I felt he was savouring this moment of being totally cur off from news of world events. “If something has happened, we won’t know about it,” he added almost, to my mind, gleefully.
There was another time in Jamaica, when I was a teenager, a hurricane threatened to make landfall in Jamaica. My father, Stan, hurried around getting wood to cover the windows. I remember the clouds had turned purple. I wanted desperately to help my family prepare for the storm, but all I could do was sleep. Such a deep sleep.
That year the hurricane did not hit, but slipped around the edges in the direction of Port Antonio. A friend had come to visit in the middle of our preparations and told us the hurricane would not arrive. How did he know this, we wanted to know. He told us, “The leaves of the trumpet tree have not turned over.”
To this day I have looked at the leaves of trees before an approaching storm, and indeed they do turn over, but only because breeze blow! Not only that, here in Friuli Venezia Giulia, I have noticed that the leaves rustle before the rain. Usually, once hearing the leaves, and looking up at the mountains, I can gauge how long it will be before I get soaked.
Thunderstorms are intense in this area. It is for this reason, I believe, that everything gets shut down when a storm approaches. I was once out by the horses. I had just brought them in from a field into the paddock. I was still holding the lead ropes, and lightening struck the walnut tree the horses, and I, had been standing beside when I clipped the ropes to their halters.
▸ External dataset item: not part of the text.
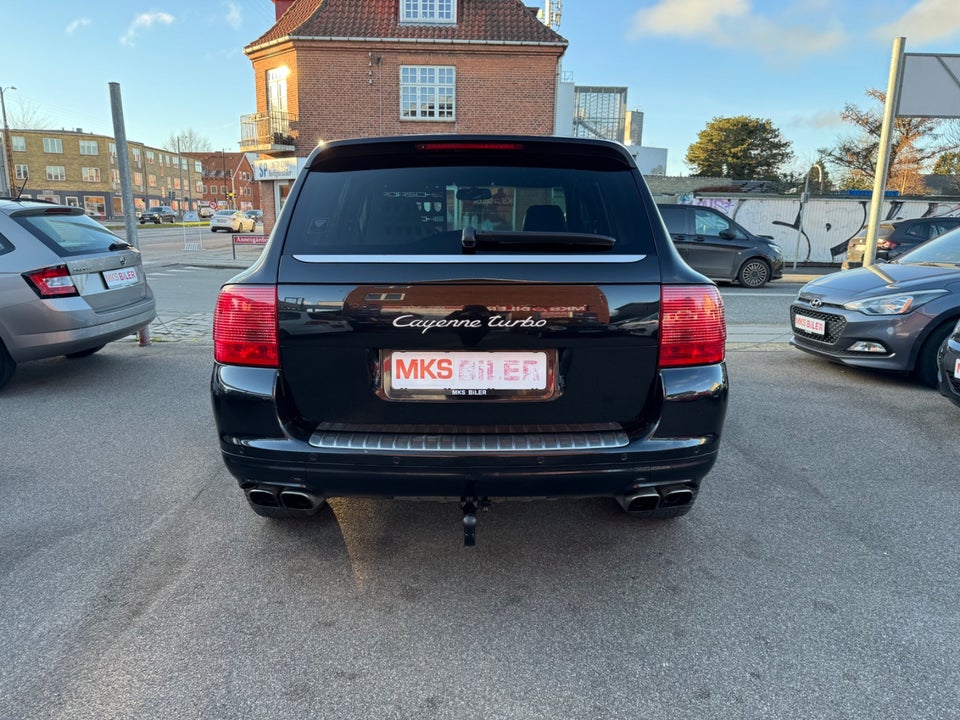 Porsche Cayenne Turbo 4,5 Tiptr. Van 5d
I am fortunate my horses “spook in place”. Every muscle in their bodies tensed, they lifted their heads and looked at me. Was the human scared? The human was frozen to the ground. I did not gallop away in panic. This was enough for my horses to take their cue from me and stand still as stones until I moved. Lightening had struck, we had survived this time, we took a breath. I slipped their head collars off, and let them go.
I had seen a documentary about horses, in Mongolia I think, the narrator said the herd would seek shelter under trees when it rained, but stood out in the open during thunderstorms. Is this always true? I don’t know.
Years ago, when I was a child, I was out with the cattlemen. The headman and I were on horses. There was a storm, and the headman said we should go under the tree in the pasture to shelter from the rain. In what seemed like moments, my parents were there to save me. This is the day I got the lecture about never going under a tall tree in a thunderstorm. They were very cross with me because they knew they had already warned me about lightning and trees. I explained that, as I was a child, I didn’t think it was my place to be telling people who were older than me what to do. I was told that this was no excuse, and when people’s lives may be in danger it is best to speak out loudly, however young, or inferior you may feel yourself to be. I think the men were given the same lecture once they returned to home base.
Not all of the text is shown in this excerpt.